Tell me how having a beer while watching the Orioles play baseball at Camden Yards on a hot summer night has anything to do with “a course of sensuality, lusts, drunkenness, carousing, drinking parties and [fn]abominable idolatries”?
And yes, I find the suggestion that drinking a beer in public as demonstrative of someone lacking high moral standards absurd. Sorry.
That is clearly shown to all but the most stubborn critics in the freedom to drink in private. It is also substantiated by the requirement to not appear in class within six hours of drinking.
In all provisions of this pledge, it is CLEAR that it is about Teacher / Student interactions with alcohol.
To continue to argue as you are doing also clearly shows that you are straining at a gnat to swallow a camel, Ie. ignoring the obvious to find fault.
Christianity does not forbid alcohol usage, in fact it promotes the usage of wine for health purposes. It does in fact prohibit drunkenness. Now how many undergrads drink wine for health or taste vs drunkenness?
The bible says not to let your freedoms become a stumbling block for someone else. It does not use alcohol as the example, it uses the eating of meat sacrificed to idols. This is a hard thing for the American man on the street to understand, but I will try to put it into terms that a secular man in modern society can relate to. We do not like our baseball hero's to be drug users. While the individual ball player has the right to imbibe in this culture in drugs despite being illegal, he does NOT have to right to do so and influence all the children and young adults that look up to him as a role model. It's not about him, its about them. This pledge simply asks the teachers in this christian university to pledge to the same standards that we would expect from professional ball players.

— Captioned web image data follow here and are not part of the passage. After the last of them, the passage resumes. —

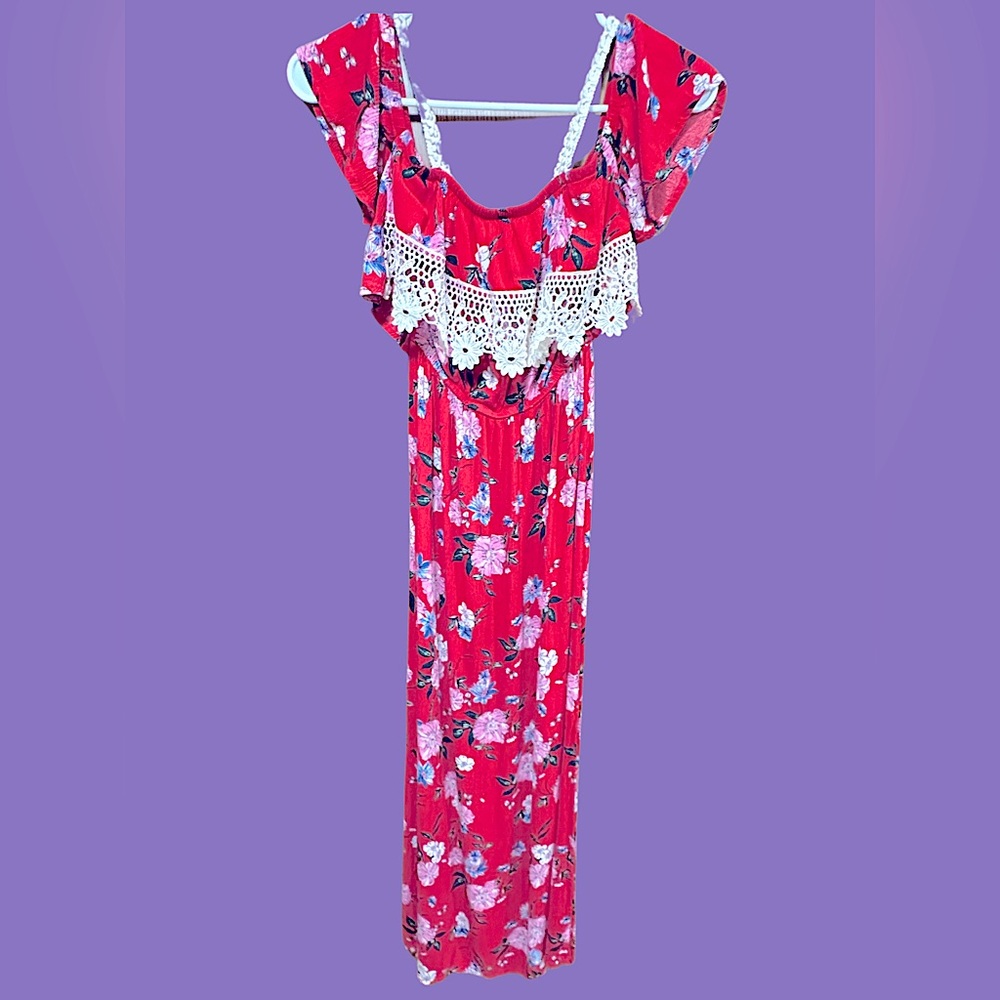 Bohemian Floral Crepe Knit Crochet Trim Slit Hem Maxi Dress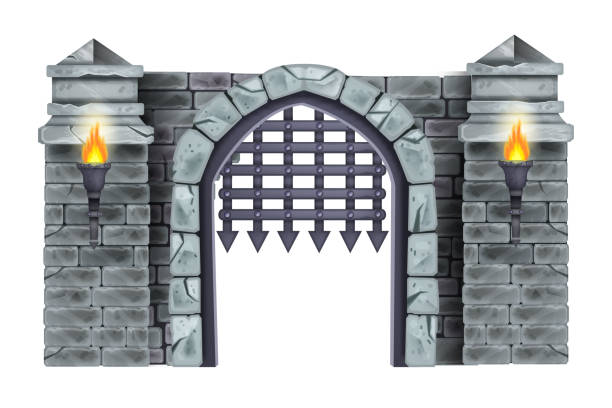Castle wrought iron vector gate illustration, medieval brick column portal, stone arch isolated on white. Vintage architecture dungeon entrance, metal fortress grate, torch. Castle gate game object ancient arch architecture brick stock illustrations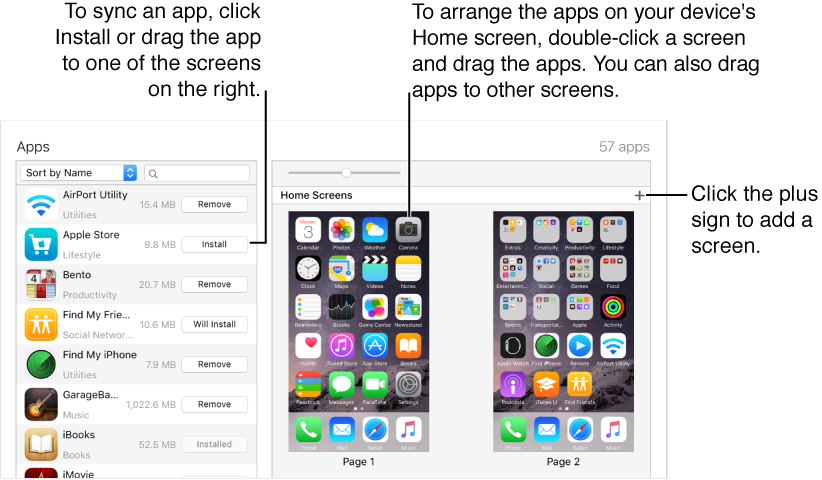 Picture of interface for syncing apps in iTunes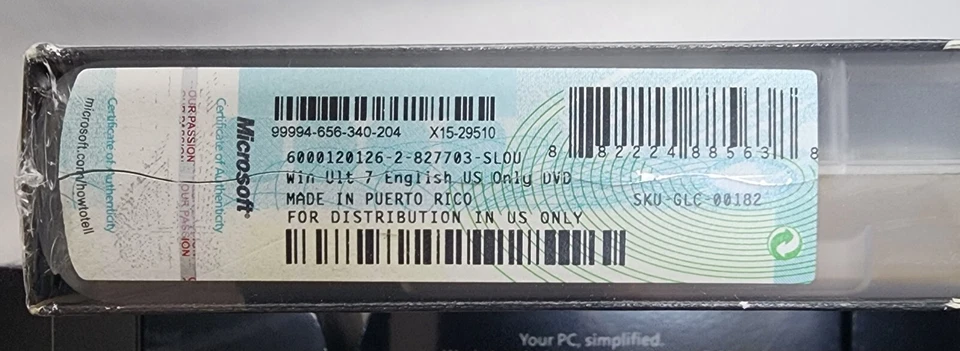 Microsoft Windows 7 Ultimate 32/64 Bit DVD -Full Retail Version -New sealed Box - Image 2 of 4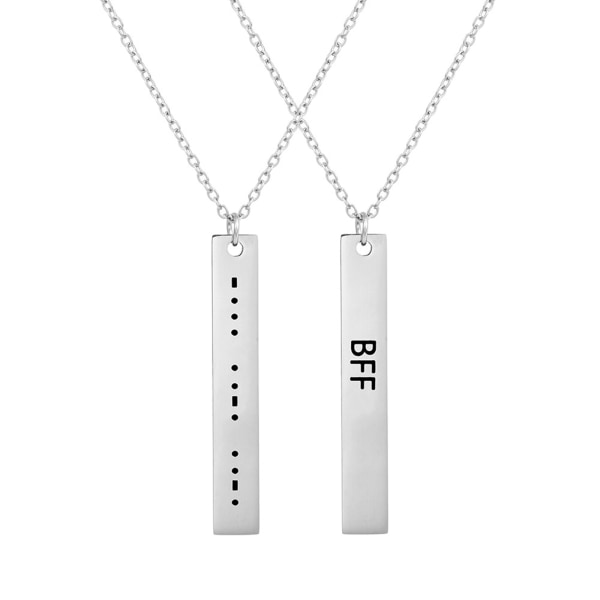 Personligt coolt enkelt halsband Kvinnor Girl Stick Morse Code Hänge Halsband Rostfritt stål Födelsedagsfest present null - J BFF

That is the closest I can get to a secular parallel. It is a parallel, but I also lean on the understanding that there is none so blind as those who refuse to see. If you cannot stomach the moral convictions of this University, you too are free to walk away feeling that somehow you are more moral for choosing freedom over integrity.
The biblical conclusion of eating meat from idols says Better that I never eat meat again than my freedom cause another to stumble.
The pledge is actually well thought out on a Biblical basis, I commend them. The shocking part is the incredible level of corruption that was in place that something as simple as this minor biblicaly based statement could flush them out in droves. Just imagine, you send your kids to a Bible college hoping that the teachers would teach a biblical foundation, and the teachers cannot even curtail their public drinking and sodomy? They were quite free to sign the pledge and still do these things, but they were so used to the "freedom" to openly live this extra-biblical lifestyle that they were actually offended at having to give lip service to the very foundation of the Universtiy that they are supposed to be teaching in!
Amazing...
Woe to those who worship their freedom more than their responsibility to a God that is both Holy and a Judge. That is not freedom, it is rebellion and the gates of Hell were built to contain them and the angels that lead them astray.
So, sometimes I get so wrapped up in the intracises of philosophy that I answer a simple question with a booklet. Sorry bout that...
The answer is simple, for you to drink a beer watching the game is not a problem at all. For you to do in public with your students while they throw a kegger for the game IS a problem, you condone their behavior for they see the issue as simply drinking, and miss the point entirely about "...sensuality, lusts, drunkenness, carousing, drinking parties... Which is perhaps a rather precise description of undergrad parties don't you think?
Don't know if you have been there, but college students don't come together to "have a beer" and watch the game, the game is the last thing on their minds after the first couple of beers.